As CloudABI doesn’t support any traditional UNIX credentials management, geteuid() is no longer present. LevelDB uses this function to attempt to generate a unique directory for testing. As this code doesn’t end up getting used in our case, we can work around this by replacing the UID by a constant.

With these patches applied, all of the LevelDB C++ code builds successfully, but still fails to link, giving us this nasty error message:

x86_64-unknown-cloudabi-ar: Unknown command line argument '-rs'.  Try: 'x86_64-unknown-cloudabi-ar -help'
x86_64-unknown-cloudabi-ar: Did you mean '-M'?

This error message is due to a missing feature in LLVM’s copy of the ar utility, making it unable to parse the provided command line arguments properly. We can deal with this problem by removing the hyphen in front of the arguments.

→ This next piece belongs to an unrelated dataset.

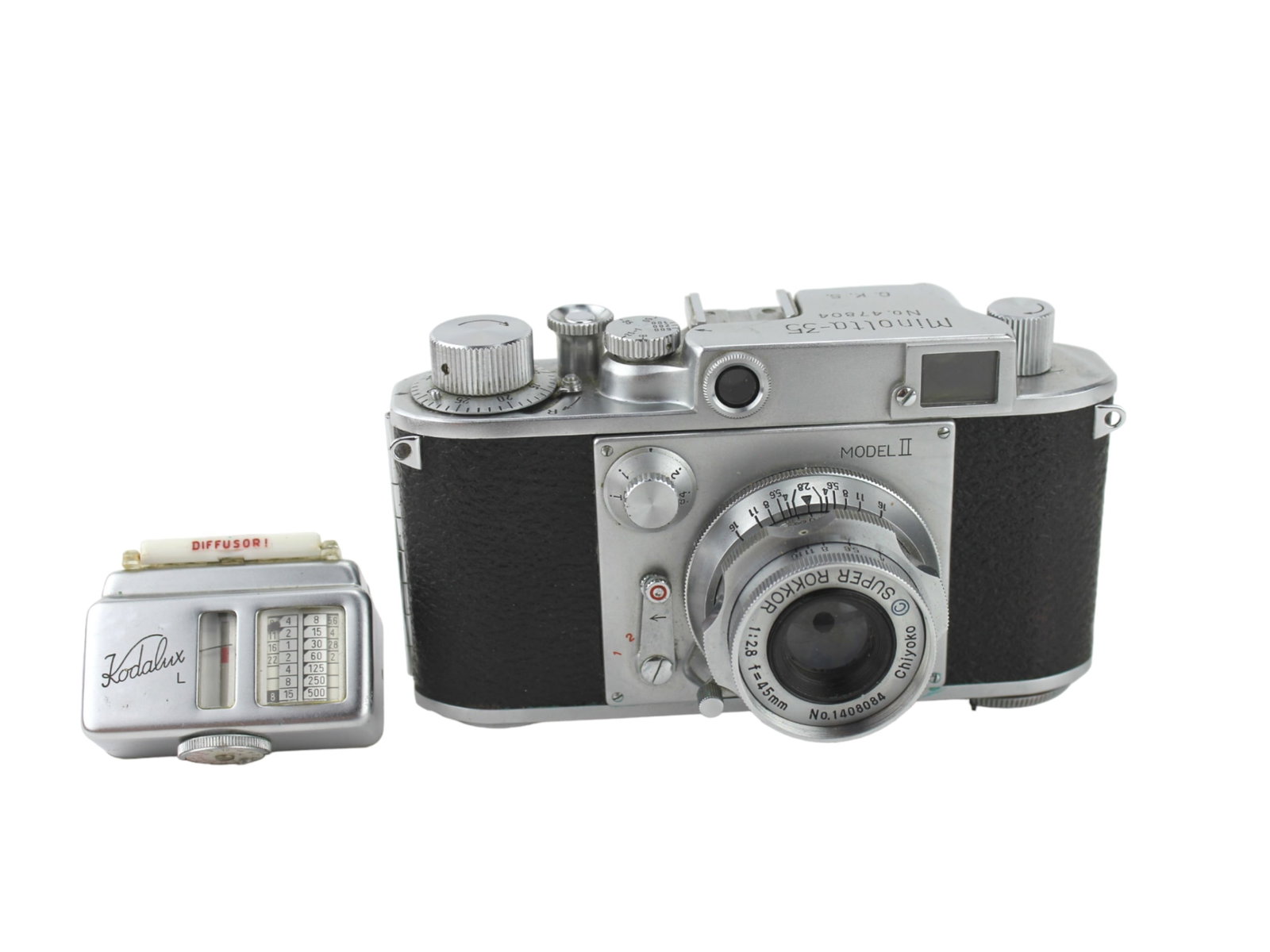 MINOLTA 35 MODEL II RANGEFINDER CAMERA (1 of 13)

Running make one more time now gives us a copy of LevelDB built for CloudABI.

x86_64-unknown-cloudabi-ar: creating out-static/libleveldb.a
x86_64-unknown-cloudabi-ar: creating out-static/libmemenv.a

If we were to copy these libraries and LevelDB’s header files into the CloudABI toolchain’s prefix, we could make use of them. That said, at this point it would make more sense to just install a prebuilt copy from our CloudABI Ports repository.

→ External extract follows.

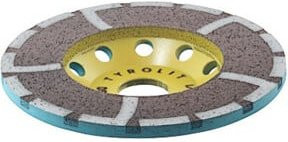 TYROLIT Diamant-Schleifteller PREMIUM Schleifscheibe für Stein und Beton, Durchmesser: 125 mm, Mehrfarbig - Bild 1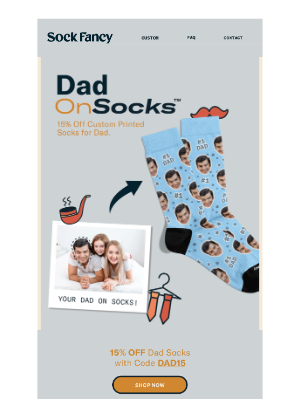 Sock Fancy - NEW Personalized Dad Socks!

Testing our copy of LevelDB

To demonstrate that our port of LevelDB actually works, I’ve written a tiny LevelDB editor. This utility reads key-value pairs from a terminal and stores them in a LevelDB. Upon detecting end-of-file, all of the entries in the LevelDB get printed back to the terminal. In addition to depending on the LevelDB library, it makes use of a small number of iostreams classes that are part of Boost. It can be built as follows:

$ wget https://nuxi.nl/blog/assets/cloudabi-edit-leveldb.cc
$ x86_64-unknown-cloudabi-c++ -std=c++1z -O2 \
      -o cloudabi-edit-leveldb cloudabi-edit-leveldb.cc \
      -lleveldb -lsnappy -lboost_iostreams

To run this CloudABI program, we make use of a very simple configuration file for cloudabi-run, which grants the program access to only the directory storing our LevelDB (./db/) and the terminal.

$ cat cloudabi-edit-leveldb.yaml
%TAG ! tag:nuxi.nl,2015:cloudabi/
---
database: !file
  path: db
terminal: !fd stdout

Below is a transcript of what an invocation of this utility looks like:

$ mkdir db
$ cloudabi-run cloudabi-edit-leveldb < cloudabi-edit-leveldb.yaml
  Key: apple
Value: green
  Key: banana
Value: yellow
  Key: orange
Value: orange
  Key: strawberry
Value: red
  Key: ^D
|apple| -> |green|
|banana| -> |yellow|
|orange| -> |orange|
|strawberry| -> |red|

Our key-value pairs should get written to disk, meaning that a second invocation will start off with the existing dataset.

$ cloudabi-run cloudabi-edit-leveldb < cloudabi-edit-leveldb.yaml
  Key: banana
Value: brown
  Key: ^D
|apple| -> |green|
|banana| -> |brown|
|orange| -> |orange|
|strawberry| -> |red|

Closing words

After chatting with a lot people at FOSDEM, I’ve observed that many tend to be under the impression that systems like CloudABI are impractical to use, as they require us to make excessive changes to existing code. With this article, I hope that I’ve demonstrated the opposite, as we’ve managed to get a working sandboxing-aware copy of LevelDB without a lot of effort.

The effort of porting more software over to CloudABI is going on as we speak. One of the things I’m working on right now, is getting Django to work. Expect to see an article on that project in the nearby future!